Quegli insopportabili vecchioni del ’900 avrebbero parlato di demagogia. Ora il termine è in disuso. Quale demagogia? Si tratta di buona comunicazione, risponde all’esigenza di trasmettere ottimismo. In fondo l’economia si basa sulle aspettative: se la gente si convince che il peggio è passato e che il meglio stia venendo, il meglio verrà. È il Renzi-pensiero in economia. Anche in questo è un buon allievo di Berlusconi (ricordate il milione di posti di lavoro in più?).
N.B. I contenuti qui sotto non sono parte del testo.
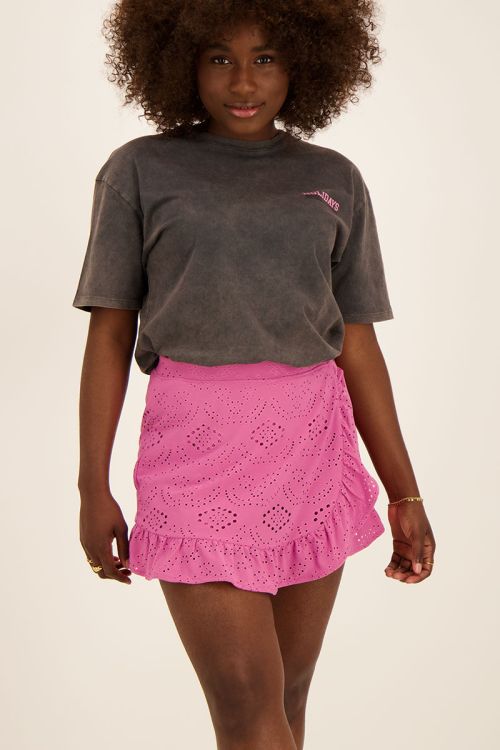 Roze skort met embroidery | Skort | My Jewellery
Ma non starei sereno, si è visto come è andata a finire con Berlusconi (che comunque ci ha governato per vent’anni… forse è il caso che anche noi non si stia tanto sereni).
L’ultima trovata è stata il “tesoretto”. Il Sole 24 ore ha parlato di arma di “distrazione” di massa. Rifacendo i conti, dicono dal governo, ci siamo accorti che possiamo spendere 1,6 miliardi in più rispetto a quanto preventivato. Evviva, evviva. Si apre il dibattito su come impiegare questa improvvisa ricchezza e ognuno fa la sua proposta e ognuno vuole la sua parte. E va bene così. Ci vuole ottimismo e allegria, alla faccia dei soliti gufi. Poco importa che quei denari non ci siano. Che cos’è infatti il tesoretto? Il governo prevede ora una maggiore crescita del Pil per quest’anno (ben 0,7% anziché 0,6%!) e un maggiore risparmio di interessi sul debito pubblico. Il deficit del bilancio pubblico scenderebbe al 2,5% del Pil dallo 2,6% che si era contrattato con la Commissione europea. Il tesoretto è dunque quella differenza di 0,1 punti di Pil imputabile a previsioni più favorevoli.
Il fatto è che i calcoli di tutta la manovra di bilancio sono costruiti sulla sabbia. Si basano sulla previsione di 7 miliardi di riduzione di spesa, che sono del tutto incerti, e che possono essere comunque devastanti (si pensi alle province che non manutengono più le strade, alle scuole che cadono a pezzi, e che si reggono solo sulle donazioni delle famiglie, alle aule universitarie ove si rompe il proiettore e non si può cambiare ecc.). Ci sono poi oltre 3 miliardi di entrate che dovrebbero derivare dalla lotta all’evasione, che sono ancora più incerti delle riduzioni di spesa. E via dicendo.
Non mi scandalizzo della finanza creativa, può anche andare bene se è l’unico mezzo per sfuggire alle forche caudine delle regole europee (Tremonti ha aperto una strada). Ma evitiamo almeno di scoprire tesoretti. E ricordiamo che se non si riscrivono le regole europee e ci si barcamena con i trucchetti, prima o poi si va a sbattere. Pensiamo alla Grecia che è entrata nell’euro con la finanza creativa (con la consulenza della Goldman Sachs), ma che è stata poi chiamata a pagarne il conto (anche qui c’è dunque poco per noi da stare sereni).
Intanto, comunque, ci ha pensato la Corte Costituzionale a fare piazza pulita di ogni speranza di tesoretto, con la sentenza che ha dichiarato illegittima la norma con cui il governo Monti congelò l’adeguamento all’inflazione delle pensioni al di sopra di un certo livello (1.405 euro lordi) nel biennio 2012 e 2013. L’effetto a regime sarà un costo per le finanze pubbliche attorno agli 8-9 miliardi annui. Sul piano economico la sentenza è discutibile perché la norma, per quanto rozza, ha consentito un notevole risparmio di spesa in un momento di acuta crisi salvaguardando le pensioni più basse. La rivalutazione che dovrà far seguito alla sentenza della Corte andrà a beneficio di tutti i pensionati, anche dei più ricchi.